I did the most cowardly thing a man could do: I stood up and betrayed my country, my world, and my entire breed. But I did it because I knew exactly how much I could take before I cracked--and while I might withstand their worst for a little while, they would inevitably do things to Nessa which I could not take.
"Skagarach," I said, "I won't try to fool you. I don't have any dawn memory. As far as I know I never ranged the fens or slew the upstart Man in the ages past." I was talking like him. He was an overwhelming personality. "But I know this: I feel a terrible, inchoate anger against almost everything. I think it must be what you call the primal rage. And I also feel a hell of a strong kinship with you, if not with Bill Cuff. I lied to you. My brother and the space station aren't on Pompey. They're on Odo Island."
"Well," he said easily, "well, I thought you might have been trying to outwit us. I thought we might have to flay your woman an inch at a time to make you talk. But by God, that knock on the cranium fixed you! Congratulations--and welcome to the Old Companions." He chuckled. "If you wonder why we trusted your first word to such an extent, I'll say that we knew the moon was on one of these islands. We knew that if it wasn't Pompey, it wouldn't be too damned far." He started forward in the boat. "I'll change our course," he said.
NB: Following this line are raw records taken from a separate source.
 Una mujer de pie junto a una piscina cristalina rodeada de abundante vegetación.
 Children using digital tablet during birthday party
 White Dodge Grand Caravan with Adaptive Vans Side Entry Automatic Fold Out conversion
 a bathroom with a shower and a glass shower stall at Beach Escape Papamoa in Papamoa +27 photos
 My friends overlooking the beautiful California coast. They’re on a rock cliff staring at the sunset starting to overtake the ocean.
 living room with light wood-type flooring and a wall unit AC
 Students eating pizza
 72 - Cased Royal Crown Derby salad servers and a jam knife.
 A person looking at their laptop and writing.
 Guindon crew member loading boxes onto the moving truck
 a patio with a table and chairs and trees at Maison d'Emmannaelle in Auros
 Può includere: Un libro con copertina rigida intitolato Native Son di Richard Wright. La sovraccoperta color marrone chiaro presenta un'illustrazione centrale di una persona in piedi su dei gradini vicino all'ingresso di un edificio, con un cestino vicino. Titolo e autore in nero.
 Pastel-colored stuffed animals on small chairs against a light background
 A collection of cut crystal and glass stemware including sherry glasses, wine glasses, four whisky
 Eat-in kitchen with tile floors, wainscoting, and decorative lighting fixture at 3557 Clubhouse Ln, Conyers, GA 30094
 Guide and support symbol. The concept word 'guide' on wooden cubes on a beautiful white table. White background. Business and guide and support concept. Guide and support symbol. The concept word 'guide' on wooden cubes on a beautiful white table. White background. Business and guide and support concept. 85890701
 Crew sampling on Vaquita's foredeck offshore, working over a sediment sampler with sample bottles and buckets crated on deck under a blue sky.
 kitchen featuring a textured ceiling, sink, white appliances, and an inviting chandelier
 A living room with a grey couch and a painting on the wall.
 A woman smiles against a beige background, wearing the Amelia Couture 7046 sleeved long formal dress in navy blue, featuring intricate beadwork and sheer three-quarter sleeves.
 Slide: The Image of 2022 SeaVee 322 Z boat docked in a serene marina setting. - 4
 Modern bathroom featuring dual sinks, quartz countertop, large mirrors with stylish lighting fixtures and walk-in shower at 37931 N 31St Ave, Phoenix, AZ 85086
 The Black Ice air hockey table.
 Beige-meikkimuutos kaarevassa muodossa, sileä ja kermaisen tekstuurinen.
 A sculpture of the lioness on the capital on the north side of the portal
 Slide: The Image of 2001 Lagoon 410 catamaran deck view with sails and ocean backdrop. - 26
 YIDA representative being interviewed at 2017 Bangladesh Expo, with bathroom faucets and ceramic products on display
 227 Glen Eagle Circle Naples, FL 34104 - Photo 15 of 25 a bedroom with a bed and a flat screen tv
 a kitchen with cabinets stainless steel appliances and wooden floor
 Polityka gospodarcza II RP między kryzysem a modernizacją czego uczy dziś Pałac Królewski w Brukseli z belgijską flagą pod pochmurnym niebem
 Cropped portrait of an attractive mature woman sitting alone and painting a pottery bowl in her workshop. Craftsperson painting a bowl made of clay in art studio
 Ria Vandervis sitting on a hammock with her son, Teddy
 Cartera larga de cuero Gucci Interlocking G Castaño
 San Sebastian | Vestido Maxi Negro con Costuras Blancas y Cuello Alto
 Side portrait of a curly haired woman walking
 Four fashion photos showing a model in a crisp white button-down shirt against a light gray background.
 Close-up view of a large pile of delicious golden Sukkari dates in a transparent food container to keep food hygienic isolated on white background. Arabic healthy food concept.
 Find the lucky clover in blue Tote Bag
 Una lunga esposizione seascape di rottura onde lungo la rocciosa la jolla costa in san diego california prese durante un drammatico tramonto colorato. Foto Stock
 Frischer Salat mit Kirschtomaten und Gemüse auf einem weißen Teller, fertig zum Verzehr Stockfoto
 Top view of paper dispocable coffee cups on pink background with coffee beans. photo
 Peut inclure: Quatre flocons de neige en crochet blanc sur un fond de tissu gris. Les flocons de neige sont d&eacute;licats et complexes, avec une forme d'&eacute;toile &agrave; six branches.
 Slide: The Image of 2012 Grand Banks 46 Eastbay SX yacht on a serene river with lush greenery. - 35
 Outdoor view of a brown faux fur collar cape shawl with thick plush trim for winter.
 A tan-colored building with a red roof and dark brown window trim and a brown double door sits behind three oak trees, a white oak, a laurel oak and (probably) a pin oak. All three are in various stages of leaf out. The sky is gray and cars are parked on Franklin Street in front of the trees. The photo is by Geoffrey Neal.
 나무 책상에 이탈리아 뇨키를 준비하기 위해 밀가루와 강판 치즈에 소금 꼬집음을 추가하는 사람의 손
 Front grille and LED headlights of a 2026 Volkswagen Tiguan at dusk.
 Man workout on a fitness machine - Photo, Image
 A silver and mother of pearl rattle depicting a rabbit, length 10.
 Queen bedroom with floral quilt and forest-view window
And it was at that moment that I realized something. I had turned traitor because I couldn't let my wife be maltreated. I had counted on a feeble plot, a one-in-a-thousand chance that I would be able to beat the Old Companions; and I'd known quite well that I was only excusing myself for my craven weakness. Only now did I remember that the real answer, the only thing a _man_ could have honorably done, was to kill Nessa and myself immediately--to grip her and leap into the sea, and dive deep and deeper until we both drowned. Then my wife would have been safe from them, and I would be dead with a clean conscience.
But it was much too late to think of that now.
I flung myself down beside her, put my arms around her waist, and began softly and vividly cursing myself for the prize fool and the biggest yellow-livered skunk of all time.